Mythologies in the 21st Century (CFP for NeMLA 2021)
This is a CFP for a conference panel at NeMLA (2021), which will take place from March 11-14, 2021.
CFP description:
Mythologies (1957), Roland Barthes’s seminal work of social criticism, is a collection of 53 essays written between 1954 and 1956, which were originally published in the French literary magazine, Les lettres nouvelles. Whether he is deriding the psychological tactics of advertisements or the mythological virtues of wine, Barthes’s Mythologies presents an incisive, semiological analysis of the language of French mass culture while offering a powerfully subjective, Marxist critique of that language.
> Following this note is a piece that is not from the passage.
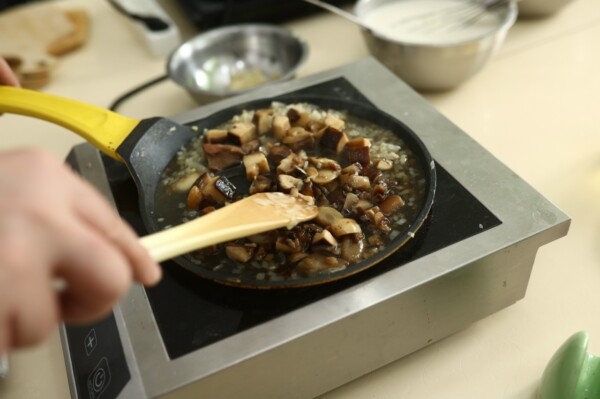 Костромские дети пекли блины под присмотром полицейских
Within the essays that comprise Mythologies, Barthes describes myth as a type of speech as he attempts to expose the hidden realities within petit-bourgeois society at a time of growing middle-class affluence, conflicting overseas tensions in North Africa and Southeast Asia, and increasing political unrest in France (Roth, “Roland Barthes: Myths We Don’t Outgrow”). Amidst this culturally shifting landscape, Mythologies provides its readers with astonishing insight into various random “myths” of daily French life in the 1950s. Although Mythologies was published in France in 1957, English-speaking readers can find numerous similarities between Barthes’s text and American culture in the 21st century. In light of Barthes’s essays, this panel therefore seeks to draw parallels between Mythologies and other American or Anglophone texts. How and why is Barthes’s text still relevant today? And how can we use Mythologies to study other contemporary works of literature, philosophy, or social criticism?